Bill, Where did you see the US Navy assignment? I know about Secretary Mabus’ assignment. But I have perceived that as separate from his SecNav role — and much more connected to his background as a former Governor of Mississippi. If that’s wrong, want to know more.

Mr. Cumming responded:

Presidential proclamation published in Tuesday’s Federal Register. Sent it to you and will send again. John Paul Jones to the rescue!

To which I responded:

Bill, thanks for resending the reference. For the benefit of other readers a web version is available at:
http://www.whitehouse.gov/the-press-office/memorandum-president-long-term-gulf-coast-restoration-support-plan

As you know, I share your concern regarding militarization of government operations. As such, it is certainly appropriate to raise the concern in this case.

I would offer, however, that based on the (little) I know and my own reading of the President’s memorandum, I understand that Secretary Mabus is, essentially, being seconded from his current role as SecNav to a leadership position for both the National Security Staff and Domestic Policy Staff.

This is my reading of the intent of the following:

In addition to working with these stakeholders, the Secretary shall coordinate, as appropriate, with the heads of executive departments and agencies, as well as offices within the Executive Office of the President(collectively,executive branch components).

The reference to Executive Office of the President includes both NSS and DPS, especially a well-established recovery working group spanning the two EOP functions.

I agree the situation is ambiguous. I bet there will be some SecNav staff involved. And this is another example of an increasing tendency for us to turn to military resources (active or retired) for commmand and operational competence. It is a worrisome trend.

Mr. Cumming respectfully disagreed:

Having read thousands of these memos it looks like a formal delegation of authority to me. See 3 USC Section 301. By passes SECDEF and others. But hey Phil you could be right and only a designation.

As always I could be wrong but a designation names a person while a delegation names a postion. Basic black letter ADMINISTRATIVE LAW.

I guess this WH knows the difference and did what they wanted to do (accomplish)! Even though Roy Mabus is former governor in a Gulf Coast state I could name perhaps a 100 others better qualified to save the states of Florida, Alabama, Mississippi, Louisiana and TEXAS. In fact why not George W. Bush, tan, rested and ready? Give him a chance to redeem his Katrina castrophic efforts! This is not a joke. At least he is not eligible for re-election [but of course Jeb is also tan, rested and waiting his turn)! Hey this is a bipartisan or non-partisan response effort correct?

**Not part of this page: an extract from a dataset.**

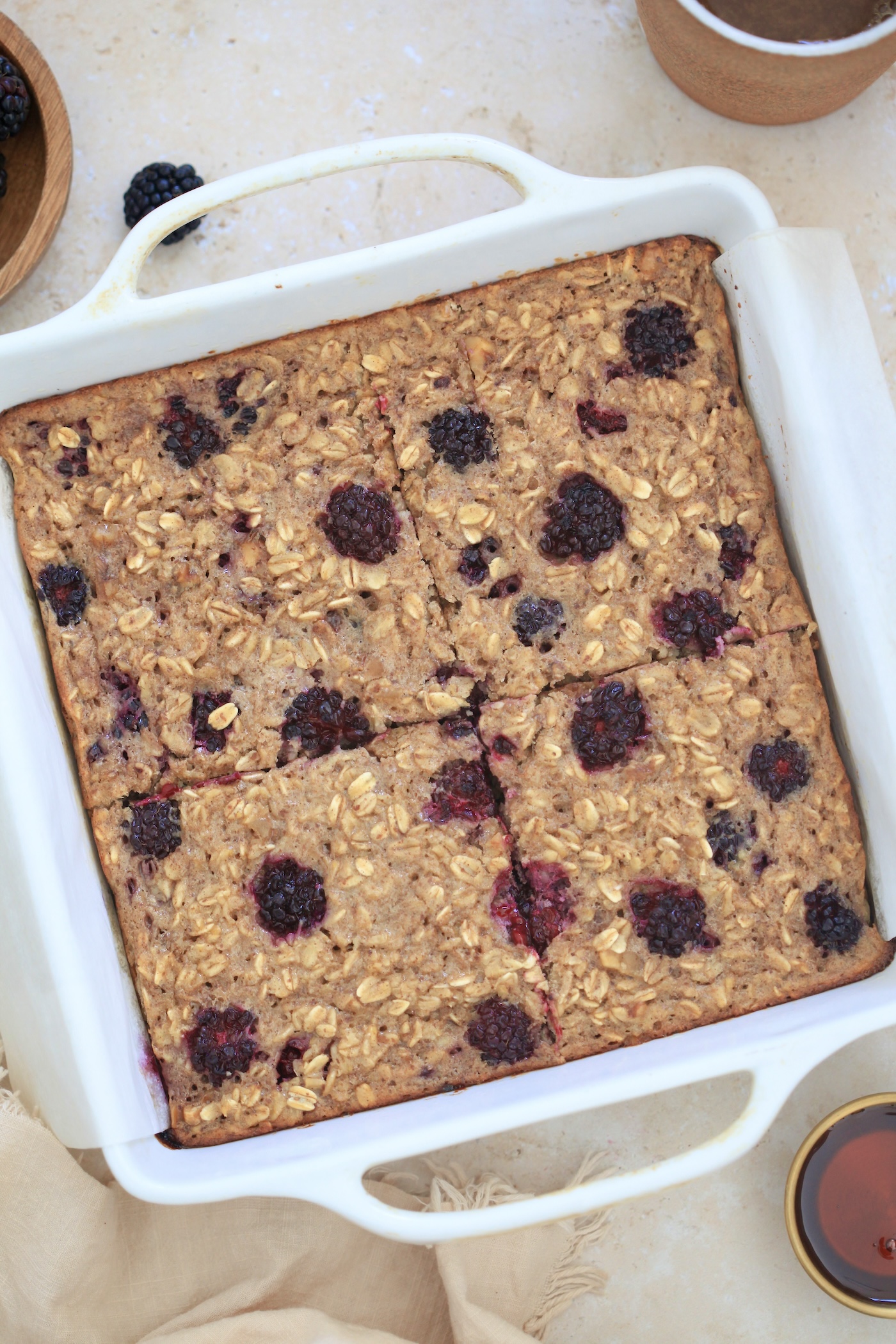 pan of oatmeal with blackberries.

To which I offered a sort of rebuttal:

I will further note that Title 10 USC, section 5013 (f) as referenced in the President’s memorandum reads:

The Secretary of the Navy may assign such of his functions, powers, and duties as he considers appropriate to the Under Secretary of the Navy and to the Assistant Secretaries of the Navy. Officers of the Navy and the Marine Corps shall, as directed by the Secretary, report on any matter to the Secretary, the Under Secretary, or any Assistant Secretary.

The President’s memorandum explicitly excludes delegation under paragraph 5013 (f), which — at least in my reading — is the White House effort to give the former Governor, who happens to be SecNav, an additional duty, but to avoid militarizing the additional duty.

I wonder if there might not have been a less ambiguous way of accomplishing the same thing, but there seems to me a pretty clear and appropriate effort to focus this additional role outside the Department of the Navy.

–+–

Before retirement Bill Cumming was a long-time lawyer with the US government.  I am neither a lawyer nor an experienced government official. If you have further insights — or suggestions — please add your comments.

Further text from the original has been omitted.